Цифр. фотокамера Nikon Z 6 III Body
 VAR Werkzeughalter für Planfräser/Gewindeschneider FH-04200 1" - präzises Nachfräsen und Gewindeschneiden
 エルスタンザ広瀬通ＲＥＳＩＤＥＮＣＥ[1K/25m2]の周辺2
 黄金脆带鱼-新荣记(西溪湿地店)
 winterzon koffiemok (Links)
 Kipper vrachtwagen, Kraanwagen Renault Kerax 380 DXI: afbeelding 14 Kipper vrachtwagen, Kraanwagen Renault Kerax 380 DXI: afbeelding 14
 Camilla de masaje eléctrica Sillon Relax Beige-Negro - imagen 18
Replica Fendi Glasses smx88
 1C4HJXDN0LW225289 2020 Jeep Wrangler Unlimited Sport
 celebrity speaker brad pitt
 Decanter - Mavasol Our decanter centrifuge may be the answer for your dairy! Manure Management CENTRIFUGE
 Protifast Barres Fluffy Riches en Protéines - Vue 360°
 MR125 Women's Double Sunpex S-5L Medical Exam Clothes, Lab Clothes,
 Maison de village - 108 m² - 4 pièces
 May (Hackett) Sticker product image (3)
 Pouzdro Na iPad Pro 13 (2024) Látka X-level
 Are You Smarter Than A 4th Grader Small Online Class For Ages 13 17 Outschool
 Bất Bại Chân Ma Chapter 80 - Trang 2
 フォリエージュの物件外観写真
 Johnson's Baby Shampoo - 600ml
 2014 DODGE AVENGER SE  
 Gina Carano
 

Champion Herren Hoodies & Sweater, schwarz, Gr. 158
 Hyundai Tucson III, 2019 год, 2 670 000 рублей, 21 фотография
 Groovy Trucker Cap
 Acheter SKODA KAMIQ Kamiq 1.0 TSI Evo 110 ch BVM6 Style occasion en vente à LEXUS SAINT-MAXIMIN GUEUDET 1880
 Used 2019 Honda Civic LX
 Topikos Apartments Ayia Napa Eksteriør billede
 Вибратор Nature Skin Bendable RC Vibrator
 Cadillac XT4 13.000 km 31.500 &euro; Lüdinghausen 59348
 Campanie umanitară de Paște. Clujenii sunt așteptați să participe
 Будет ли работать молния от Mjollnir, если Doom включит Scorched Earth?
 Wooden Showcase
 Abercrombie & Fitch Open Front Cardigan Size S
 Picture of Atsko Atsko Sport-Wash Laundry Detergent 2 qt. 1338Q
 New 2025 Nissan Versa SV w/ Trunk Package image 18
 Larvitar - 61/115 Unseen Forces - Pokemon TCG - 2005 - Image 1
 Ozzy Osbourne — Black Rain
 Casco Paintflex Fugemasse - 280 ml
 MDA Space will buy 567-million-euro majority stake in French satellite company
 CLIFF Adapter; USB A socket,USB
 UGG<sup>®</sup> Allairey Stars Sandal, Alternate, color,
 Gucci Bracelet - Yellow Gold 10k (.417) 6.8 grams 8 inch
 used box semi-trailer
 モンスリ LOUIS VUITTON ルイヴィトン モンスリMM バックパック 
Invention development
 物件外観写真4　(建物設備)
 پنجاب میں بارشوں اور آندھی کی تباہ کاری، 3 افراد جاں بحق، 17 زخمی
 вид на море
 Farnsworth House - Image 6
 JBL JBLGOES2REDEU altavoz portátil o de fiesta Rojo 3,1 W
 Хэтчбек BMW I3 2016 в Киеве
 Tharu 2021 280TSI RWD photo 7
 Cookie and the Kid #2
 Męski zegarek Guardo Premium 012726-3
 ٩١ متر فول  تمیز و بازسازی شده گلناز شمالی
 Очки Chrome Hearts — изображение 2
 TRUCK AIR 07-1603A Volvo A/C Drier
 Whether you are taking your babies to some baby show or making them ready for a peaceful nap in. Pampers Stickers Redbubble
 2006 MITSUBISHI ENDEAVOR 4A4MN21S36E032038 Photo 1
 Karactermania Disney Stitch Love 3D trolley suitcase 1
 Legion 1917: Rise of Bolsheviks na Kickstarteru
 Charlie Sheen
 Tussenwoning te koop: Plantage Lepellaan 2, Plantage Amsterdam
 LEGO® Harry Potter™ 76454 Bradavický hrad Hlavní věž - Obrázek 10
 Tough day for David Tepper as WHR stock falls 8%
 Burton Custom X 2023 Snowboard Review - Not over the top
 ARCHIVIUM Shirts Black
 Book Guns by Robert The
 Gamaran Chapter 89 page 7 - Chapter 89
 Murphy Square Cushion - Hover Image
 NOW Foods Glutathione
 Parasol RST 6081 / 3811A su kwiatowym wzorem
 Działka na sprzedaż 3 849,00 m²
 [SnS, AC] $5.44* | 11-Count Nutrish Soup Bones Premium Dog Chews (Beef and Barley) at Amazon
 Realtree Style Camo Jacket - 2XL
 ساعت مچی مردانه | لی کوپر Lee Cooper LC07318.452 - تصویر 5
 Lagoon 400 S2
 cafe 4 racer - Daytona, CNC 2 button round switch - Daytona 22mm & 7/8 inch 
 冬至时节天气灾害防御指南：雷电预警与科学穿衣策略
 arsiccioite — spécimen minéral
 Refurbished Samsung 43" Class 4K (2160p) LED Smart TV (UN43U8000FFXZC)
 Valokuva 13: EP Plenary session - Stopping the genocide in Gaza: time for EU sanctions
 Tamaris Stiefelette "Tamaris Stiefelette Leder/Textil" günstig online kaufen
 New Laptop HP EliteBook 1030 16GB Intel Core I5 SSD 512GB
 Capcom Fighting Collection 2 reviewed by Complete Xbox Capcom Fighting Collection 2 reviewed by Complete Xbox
*****
• **Your objective**: In the listing above, how many lines hold the word "inch"? Give the number and nothing more.

• **Response**: 2